雨。
降る。
さぁさぁ。
雨は降ると言うけれど。雨が落ちるとは言わない。
でも、気分は落ちる。
さぁさぁ。
落ちる気分。下がる気分。
登る気分。上がる気分。
気分。
さぁさぁ。
気持ちが落ち着かない。でも気持ちは落ちない。
気分は落ちる。でも気分は落ち着かなくない。
落ちる。落ち着く。
さぁさぁ。
考えて、考えて、考え抜いて、考え抜ける。
抜ける。つまり落ち目。
落ちる。
さぁさぁ。
落ちて落ちて、落ち果てて。
果てとはつまり有限で。
果てた後には戻るのみ。
戻る。
さぁさぁ。
戻る。つまりリセット。
初期位置。
さぁさぁ。
ようやく冷静に考えられる。
今なら何も怖くない。なぜならさっき落ち果てた。
果てまで行った。つまり既知。
知ることほどに、心強いものはありはしない。
さぁさぁ、いくらでもかかってこい。
降れば降るほど、その地は打たれ、強くなる。
この自も打たれ強くなる。
河川敷から街中へ。
今までと反対の方向への散歩だったから、見る景色全てが真新しい。
つまづく。何とかこけずに済んだ。
このくぼみは何だろう?元々ここに何かあったのだろうか。
家の前で話す主婦がいる。楽しそうだ。自分の子どもの話をしているのだろうか。自転車に乗ってどこに行くところだったんだろう。時間的に買い物かな。
車が横を走る。後ろの車がやたらと詰めて走っている。急いでいるのだろうか。それともマイペースに走りたい人なのだろうか。窓から見えた顔はすました顔をしている。あの距離が彼の当たり前なのだろうか。
住宅街へ。
花屋さんがある。隣には閉店した居酒屋が。その隣にはきれいな和食店がある。ここにも何かの物語があったのだろうか。
小学校の前を通る。関係者以外立ち入り禁止。下校時のルールを書いた看板がある。グローブを付けた笑顔のカンガルーの絵は、何を意味して書かれたのだろう?不気味な笑顔だ。
大きなカバンを持った女性とすれ違う。片手にはアナログな地図。近くのおじさんに道を聞いている。
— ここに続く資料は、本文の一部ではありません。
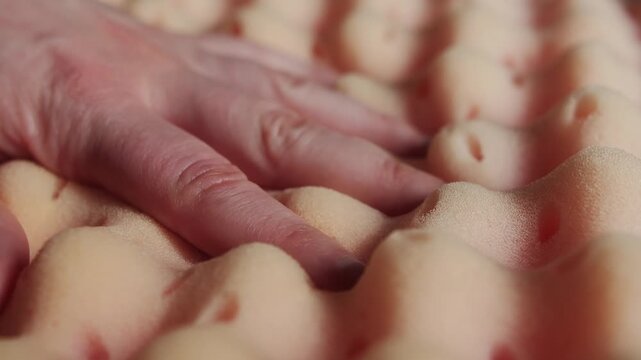 Hand pressing soft memory foam pillow, showing slow recovery and comfort ergonomic sleep concept. High quality 4k footage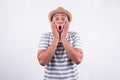 Young Asian man with hat feels shock and surprise with overly face expression. Royalty Free Stock Photo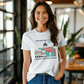 a woman wearing a t - shirt with a picture of a building on it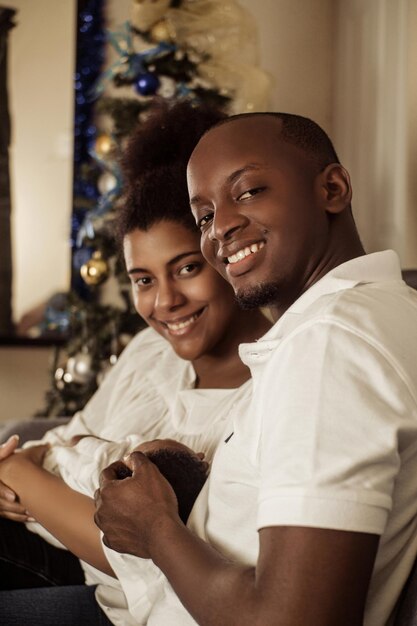 Famille ensemble à l'intérieur de la maison souriant en regardant la caméra concept de Noël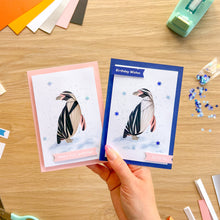 Load image into Gallery viewer, A hand holds two handmade greeting cards with penguin illustrations on a wooden table, surrounded by craft supplies like coloured paper, a tape dispenser, and snowflake confetti.

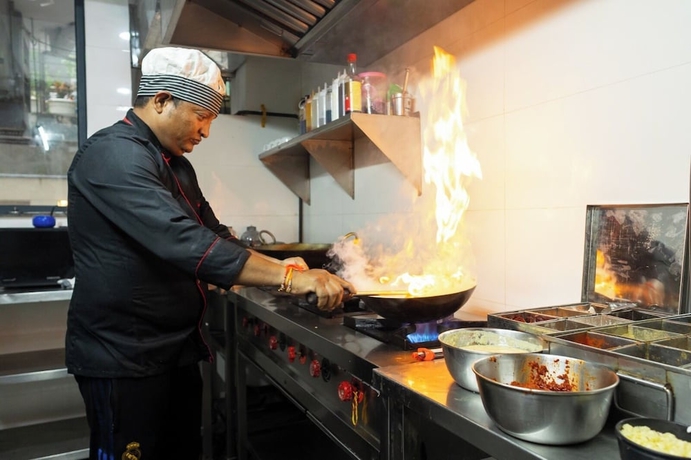 Imagen del bar/restaurante del Hotel Delight Gurugram. Foto 3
近くに駅があるわけでもないのに、彼女は一体どこからきて、どこに向かっているのだろう?
なんてことのない散歩。
それでも普段と違う時間。
何も解決していないけど、顔の向きを変えるたびに、それぞれ違った物語がそこにある。
小さな会社のロゴにも意味があれば、それができるまでのストーリーがある。風化したのれんのかかった入り口は、きっと今まで数多くの人がくぐってきていたのだろう。他の家の陰に隠れてしまっている小さな公園は、きっともっと大きかったのだろう。
見えるものだけが全てじゃない。井の中の蛙から、大海を見下ろす海鳥になりたい。
そして小さな井戸へと着いたのでした。
歩く。
空を見上げる。青い。
雲が流れている。気流に乗って西から東へ。緩やかだけど、確かに流れている。
月が浮かんでいる。上限の月だ。
空に張り付いたように見えるけど。目を凝らせば立体的なのがわかる。
動いていないように見えるけど。実際は高速で回っている。向きが変わらないのは月の自転周期と公転周期が同じだからだ。
ただ浮かんで見えるけど。空に浮いているのではなく、もっと先の、宇宙に浮いている。周りにあるのは青色じゃなくて黒色だ。
今、なんてことなくただただ歩いているけど、実際は秒間約30kmで動いている。
見えない、感じないところで、静かに事は動いている。
自分が感じるこの一瞬は、宇宙のものさしで図ると一瞬ですらないのだろう。
宇宙カレンダーというものがある。
宇宙の歴史を365日に圧縮したら、一秒は約400年程度だそうだ。関ヶ原の戦いは、12月31日が終わり、新たな年が始まるまさに1秒前というわけだ。
自分の感じる1秒とは、宇宙カレンダーでいう1秒の、1/400のさらに1/365の、1/24の1/60の1/60ということらしい。
そんな一瞬を生きているはずなのに、一日は長いし、一か月はもっと長い。一秒は一瞬のはずなのに。
広大という事はひいては些細であるともいえる。極小はとてつもなく壮大なことでもある。
二面性。表があれば裏もある。
よくメディアやネットでも裏を返せばって聞くけれど。表と裏だけじゃなくて、側面もあるから聞いても納得できないんだなと感じたり。
簡潔で完結的であることが求められるけど。複雑で永続的なのが感情だから、説得されても納得なんて
出来ないんだろう。
散歩。
淀川の河川敷をぶらり。
すれ違う人たち。
自転車に乗ったおじちゃん、大学生ぐらいの男女5人組、バーベキューをしている社会人、二人でゆっくり散歩している老夫婦。
彼らは何を考えているのだろう。
キャッチボールをしているカップルが見える。野球が好きなのだろうか?なぜ彼氏はボールを取るときに跳ねたのだろう?一息ついて飲んでいるアクエリアス。なぜポカリじゃないのだろう?ポカリスエットは嫌いなのだろうか。
硬球のテニスボールで壁打ちしている高校生。フォルムが崩れている。最近始めたばかりなのだろうか?もしかしたら高校生になりたてなのかもしれない。
近くで友達も壁打ちしている。隣にテニスコートがあるのに。あぁ、なるほど、有料なのか。
私服でバレーボールをトスしあう20代後半のグループ。どんな集まりなんだろう、サークル的な何かなのかな。その割には運動する格好じゃないな。仲のいい地元の集まりなのかな。
最近つまらないなぁ。
何か楽しいこととかないのかなぁ。
そんな風に思わなかったこともないし、よくそんな呟きを友達から聞いたりもするけれど。
自分がしようとしていないだけなんだな、と。
だって周りの人たちはあんなに楽しそうだもの。
自分も彼らと何も違いはない、同じ人間だもの。
楽しいことを探していない。探す努力をしていない。
彼らが努力したかは分からないけど。そうしている人たちが周りにいるという事実。
何か行動を起こさないと、現状は変わらないのかもしれないなぁ。